DATASET ->
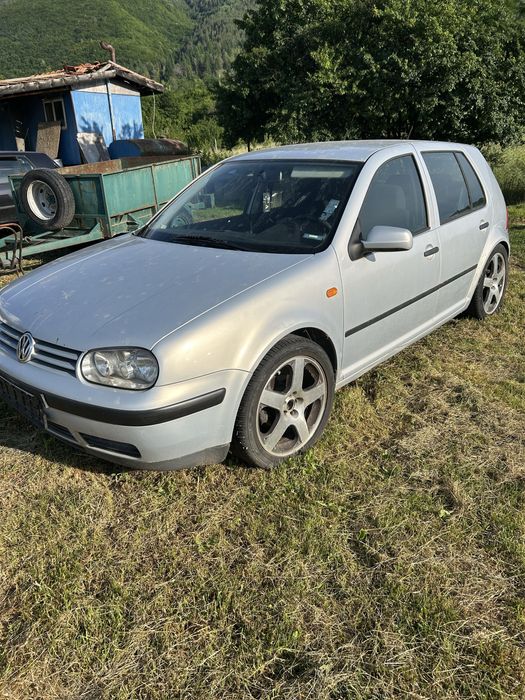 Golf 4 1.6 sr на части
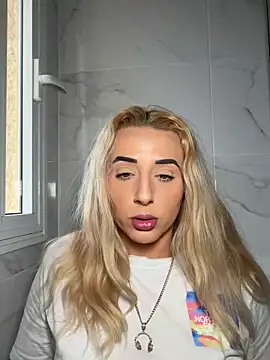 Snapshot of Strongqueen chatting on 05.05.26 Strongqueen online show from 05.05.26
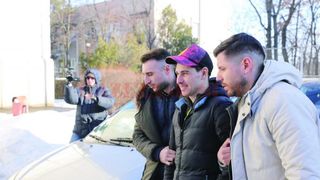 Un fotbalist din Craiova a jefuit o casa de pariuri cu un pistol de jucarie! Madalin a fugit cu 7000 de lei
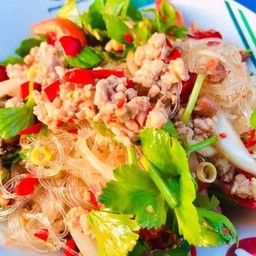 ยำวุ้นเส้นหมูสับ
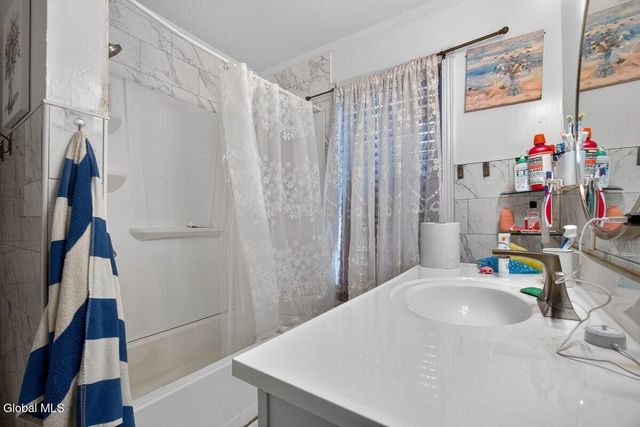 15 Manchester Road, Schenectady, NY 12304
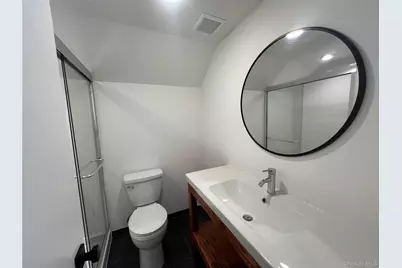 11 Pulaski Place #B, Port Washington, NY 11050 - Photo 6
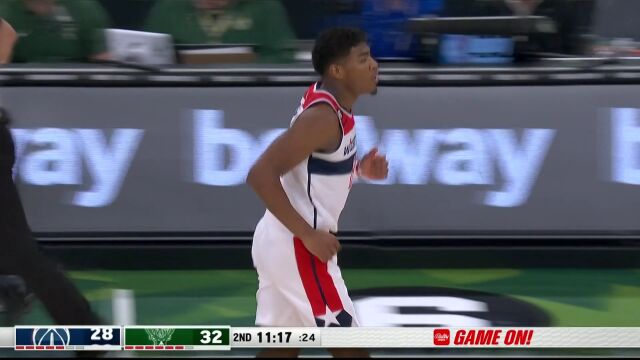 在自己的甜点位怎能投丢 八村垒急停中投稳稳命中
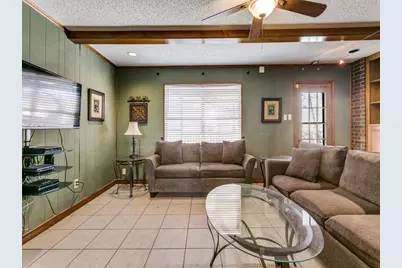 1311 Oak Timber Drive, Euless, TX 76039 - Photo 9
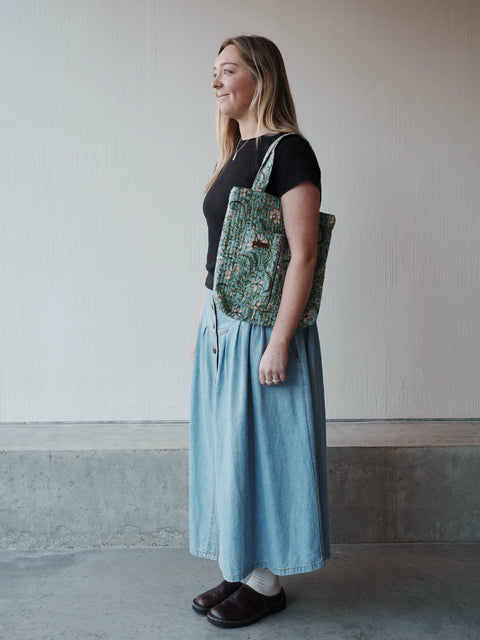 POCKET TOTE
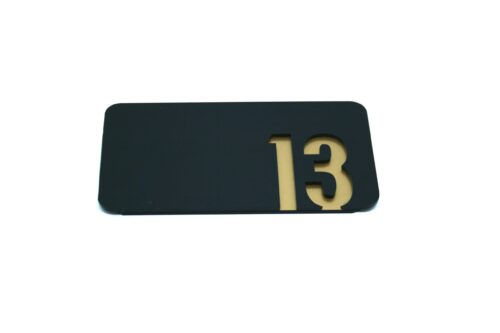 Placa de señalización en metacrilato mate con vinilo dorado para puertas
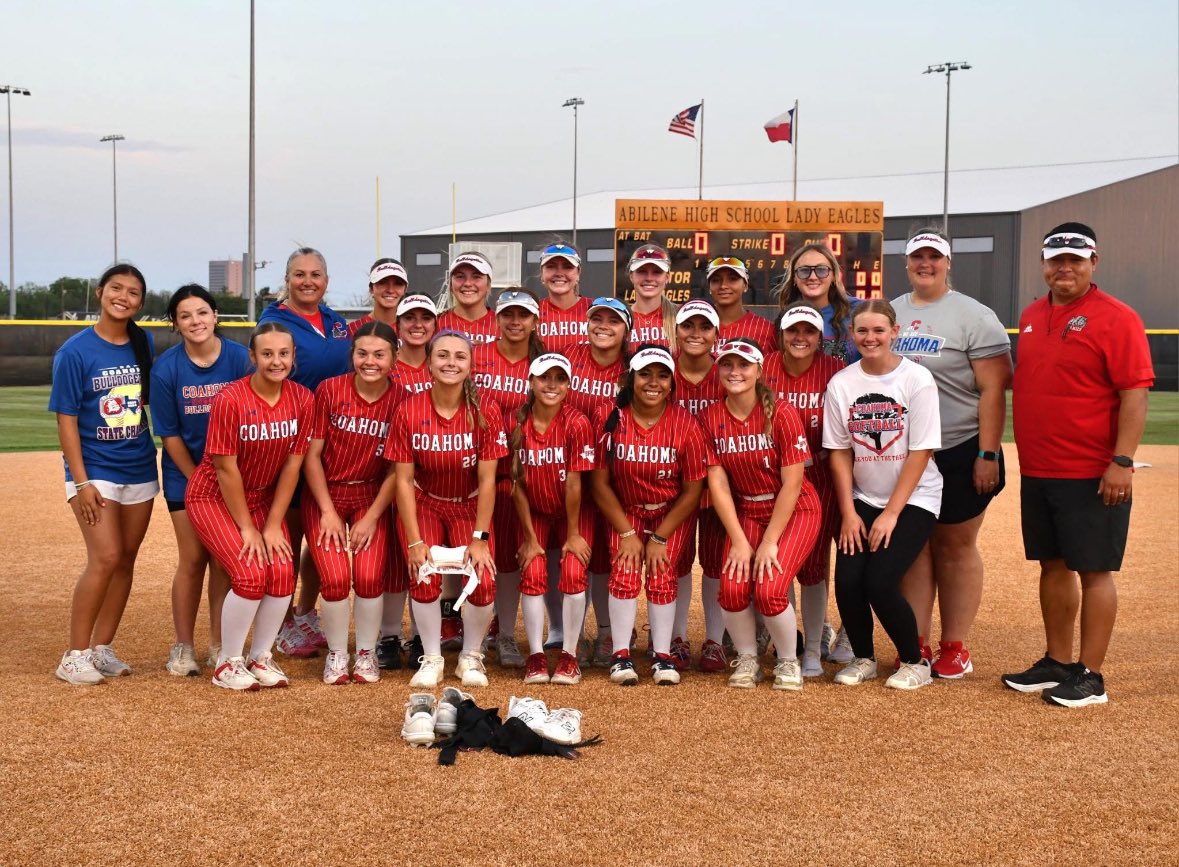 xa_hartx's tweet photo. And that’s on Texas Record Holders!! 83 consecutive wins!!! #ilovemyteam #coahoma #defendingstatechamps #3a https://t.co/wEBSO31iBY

--

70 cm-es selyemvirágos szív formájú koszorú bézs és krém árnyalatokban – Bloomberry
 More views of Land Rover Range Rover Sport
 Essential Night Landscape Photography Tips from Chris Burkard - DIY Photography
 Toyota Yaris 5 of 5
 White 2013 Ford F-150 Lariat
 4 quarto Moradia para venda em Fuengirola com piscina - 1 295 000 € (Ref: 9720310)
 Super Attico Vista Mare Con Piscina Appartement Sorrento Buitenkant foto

---

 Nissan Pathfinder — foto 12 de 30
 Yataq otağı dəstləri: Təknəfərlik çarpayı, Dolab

TASK REQUIREMENTS -> Using the material above, transcribe exactly the lines from the one holding "Golf 4 1.6 sr на части" to the one holding "POCKET TOTE", both ends kept. Do not carry over any pictures.

SOLUTION TO THIS TASK ->
 Golf 4 1.6 sr на части
 Snapshot of Strongqueen chatting on 05.05.26 Strongqueen online show from 05.05.26
 Un fotbalist din Craiova a jefuit o casa de pariuri cu un pistol de jucarie! Madalin a fugit cu 7000 de lei
 ยำวุ้นเส้นหมูสับ
 15 Manchester Road, Schenectady, NY 12304
 11 Pulaski Place #B, Port Washington, NY 11050 - Photo 6
 在自己的甜点位怎能投丢 八村垒急停中投稳稳命中
 1311 Oak Timber Drive, Euless, TX 76039 - Photo 9
 POCKET TOTE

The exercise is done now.